### Problem statement:
Only one stretch of the material below is wanted: everything from the line containing "Ben Gaglioti confers with Coach Steve Bogas." down to the line containing "Eine Gruppe von", both ends included. Repeat it exactly and skip the pictures.

### Listed records:
━━━━━━━━━━━━━━━━━━━━
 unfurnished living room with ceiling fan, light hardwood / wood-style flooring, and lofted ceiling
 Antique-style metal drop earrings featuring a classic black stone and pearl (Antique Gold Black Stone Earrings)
━━━━━━━━━━━━━━━━━━━━
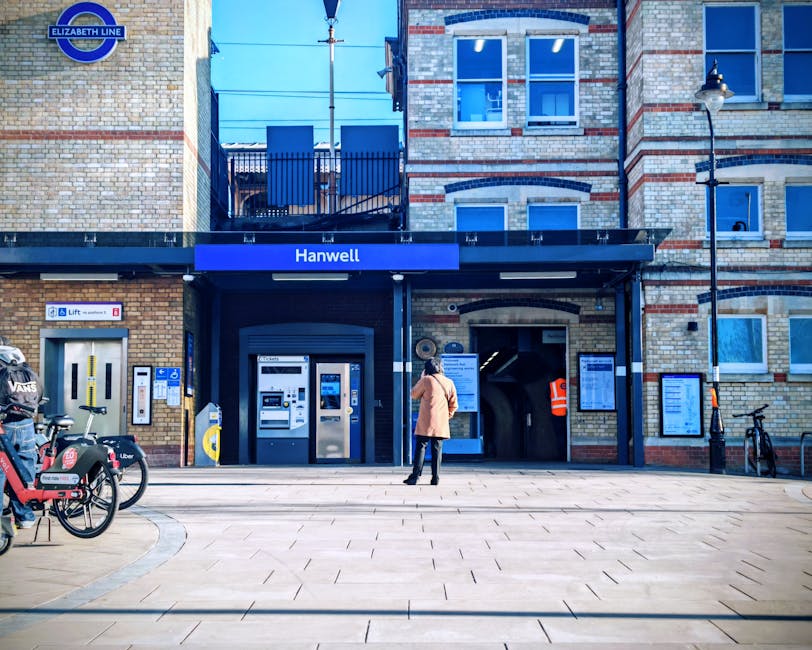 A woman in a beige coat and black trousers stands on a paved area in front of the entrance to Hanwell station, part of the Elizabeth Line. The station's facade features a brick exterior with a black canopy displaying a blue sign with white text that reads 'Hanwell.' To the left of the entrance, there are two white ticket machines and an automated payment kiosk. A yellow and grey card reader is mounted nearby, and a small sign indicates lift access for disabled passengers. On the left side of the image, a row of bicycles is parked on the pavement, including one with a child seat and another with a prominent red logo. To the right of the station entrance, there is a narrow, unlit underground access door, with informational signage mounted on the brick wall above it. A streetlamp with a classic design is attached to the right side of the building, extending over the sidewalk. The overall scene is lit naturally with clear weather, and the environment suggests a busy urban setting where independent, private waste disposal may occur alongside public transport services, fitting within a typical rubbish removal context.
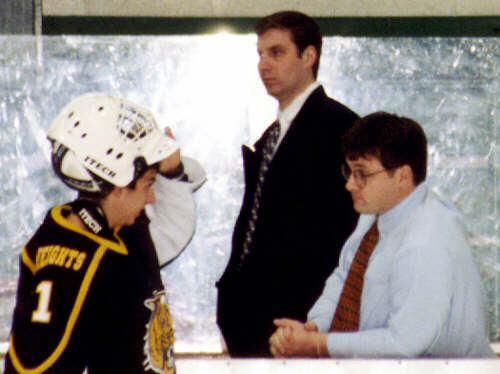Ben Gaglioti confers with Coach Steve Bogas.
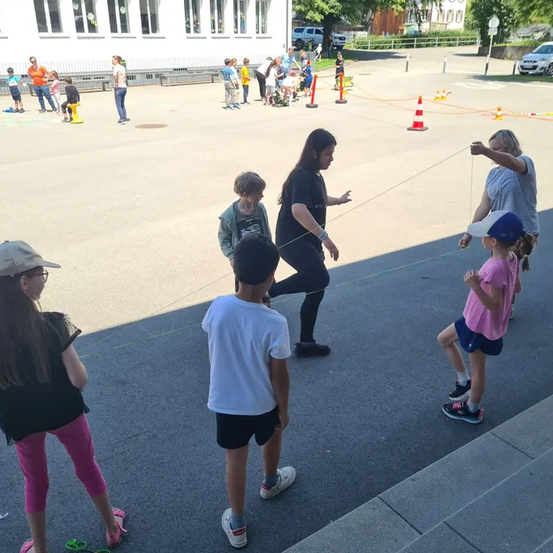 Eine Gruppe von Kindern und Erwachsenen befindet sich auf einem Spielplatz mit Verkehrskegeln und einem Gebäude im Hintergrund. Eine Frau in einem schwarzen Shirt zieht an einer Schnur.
━━━━━━━━━━━━━━━━━━━━
### Result for this exercise:
Ben Gaglioti confers with Coach Steve Bogas.
 Eine Gruppe von Kindern und Erwachsenen befindet sich auf einem Spielplatz mit Verkehrskegeln und einem Gebäude im Hintergrund. Eine Frau in einem schwarzen Shirt zieht an einer Schnur.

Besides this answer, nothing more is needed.